What you will do » Set down, please, exactly the lines below that run from the line with "Samsung Galaxy S7" to the line with "JoJo's Bizarre Adventure", both lines included.

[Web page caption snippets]
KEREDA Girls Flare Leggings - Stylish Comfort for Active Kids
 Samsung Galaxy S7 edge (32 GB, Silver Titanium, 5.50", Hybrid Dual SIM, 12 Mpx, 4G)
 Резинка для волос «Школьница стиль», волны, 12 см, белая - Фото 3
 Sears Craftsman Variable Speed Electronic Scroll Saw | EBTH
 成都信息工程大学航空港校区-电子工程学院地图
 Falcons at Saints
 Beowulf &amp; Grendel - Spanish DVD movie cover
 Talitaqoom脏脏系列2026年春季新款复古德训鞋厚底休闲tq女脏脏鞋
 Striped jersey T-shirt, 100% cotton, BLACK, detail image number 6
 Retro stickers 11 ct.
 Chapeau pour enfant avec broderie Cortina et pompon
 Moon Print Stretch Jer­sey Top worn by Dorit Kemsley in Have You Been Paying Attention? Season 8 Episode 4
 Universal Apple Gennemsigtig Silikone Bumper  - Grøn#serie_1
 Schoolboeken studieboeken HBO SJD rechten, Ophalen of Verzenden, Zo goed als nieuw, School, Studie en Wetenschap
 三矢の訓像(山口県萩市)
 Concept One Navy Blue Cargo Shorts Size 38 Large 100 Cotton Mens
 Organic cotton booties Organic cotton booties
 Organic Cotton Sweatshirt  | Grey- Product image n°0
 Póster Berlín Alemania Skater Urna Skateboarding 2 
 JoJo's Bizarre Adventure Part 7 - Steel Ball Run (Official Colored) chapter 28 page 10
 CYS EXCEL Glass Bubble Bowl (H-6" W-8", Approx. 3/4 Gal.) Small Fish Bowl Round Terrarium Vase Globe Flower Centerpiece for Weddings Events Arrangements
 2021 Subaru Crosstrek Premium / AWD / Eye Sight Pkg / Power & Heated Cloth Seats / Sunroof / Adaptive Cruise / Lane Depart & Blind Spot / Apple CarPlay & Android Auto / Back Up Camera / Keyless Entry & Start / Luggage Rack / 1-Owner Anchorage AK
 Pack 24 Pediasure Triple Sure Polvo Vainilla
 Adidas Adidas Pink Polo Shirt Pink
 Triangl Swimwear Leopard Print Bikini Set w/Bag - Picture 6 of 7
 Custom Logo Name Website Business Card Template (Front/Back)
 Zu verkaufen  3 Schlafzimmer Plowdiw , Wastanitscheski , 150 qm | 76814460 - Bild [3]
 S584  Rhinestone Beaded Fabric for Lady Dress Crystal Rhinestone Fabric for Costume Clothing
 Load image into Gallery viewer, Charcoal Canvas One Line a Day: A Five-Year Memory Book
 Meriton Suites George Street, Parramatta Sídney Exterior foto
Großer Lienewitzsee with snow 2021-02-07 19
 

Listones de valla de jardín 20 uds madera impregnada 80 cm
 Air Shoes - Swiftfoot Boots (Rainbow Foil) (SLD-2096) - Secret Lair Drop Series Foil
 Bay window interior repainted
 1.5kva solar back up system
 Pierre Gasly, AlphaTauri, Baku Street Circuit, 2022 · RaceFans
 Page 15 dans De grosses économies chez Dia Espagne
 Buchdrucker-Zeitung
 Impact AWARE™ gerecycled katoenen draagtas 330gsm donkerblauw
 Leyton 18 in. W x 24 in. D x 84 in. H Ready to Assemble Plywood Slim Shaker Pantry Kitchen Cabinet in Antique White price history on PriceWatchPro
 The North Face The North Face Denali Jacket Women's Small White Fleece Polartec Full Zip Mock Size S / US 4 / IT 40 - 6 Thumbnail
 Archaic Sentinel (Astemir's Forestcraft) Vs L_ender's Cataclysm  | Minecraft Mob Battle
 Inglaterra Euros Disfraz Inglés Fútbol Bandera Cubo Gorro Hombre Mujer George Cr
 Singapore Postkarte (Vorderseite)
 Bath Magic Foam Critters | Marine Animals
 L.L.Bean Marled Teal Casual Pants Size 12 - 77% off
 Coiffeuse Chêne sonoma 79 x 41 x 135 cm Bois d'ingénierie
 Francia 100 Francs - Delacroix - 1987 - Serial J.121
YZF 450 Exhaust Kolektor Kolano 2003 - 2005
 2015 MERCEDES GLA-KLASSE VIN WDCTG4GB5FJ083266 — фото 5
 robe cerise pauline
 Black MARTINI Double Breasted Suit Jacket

Written answer »
 Samsung Galaxy S7 edge (32 GB, Silver Titanium, 5.50", Hybrid Dual SIM, 12 Mpx, 4G)
 Резинка для волос «Школьница стиль», волны, 12 см, белая - Фото 3
 Sears Craftsman Variable Speed Electronic Scroll Saw | EBTH
 成都信息工程大学航空港校区-电子工程学院地图
 Falcons at Saints
 Beowulf &amp; Grendel - Spanish DVD movie cover
 Talitaqoom脏脏系列2026年春季新款复古德训鞋厚底休闲tq女脏脏鞋
 Striped jersey T-shirt, 100% cotton, BLACK, detail image number 6
 Retro stickers 11 ct.
 Chapeau pour enfant avec broderie Cortina et pompon
 Moon Print Stretch Jer­sey Top worn by Dorit Kemsley in Have You Been Paying Attention? Season 8 Episode 4
 Universal Apple Gennemsigtig Silikone Bumper  - Grøn#serie_1
 Schoolboeken studieboeken HBO SJD rechten, Ophalen of Verzenden, Zo goed als nieuw, School, Studie en Wetenschap
 三矢の訓像(山口県萩市)
 Concept One Navy Blue Cargo Shorts Size 38 Large 100 Cotton Mens
 Organic cotton booties Organic cotton booties
 Organic Cotton Sweatshirt  | Grey- Product image n°0
 Póster Berlín Alemania Skater Urna Skateboarding 2 
 JoJo's Bizarre Adventure Part 7 - Steel Ball Run (Official Colored) chapter 28 page 10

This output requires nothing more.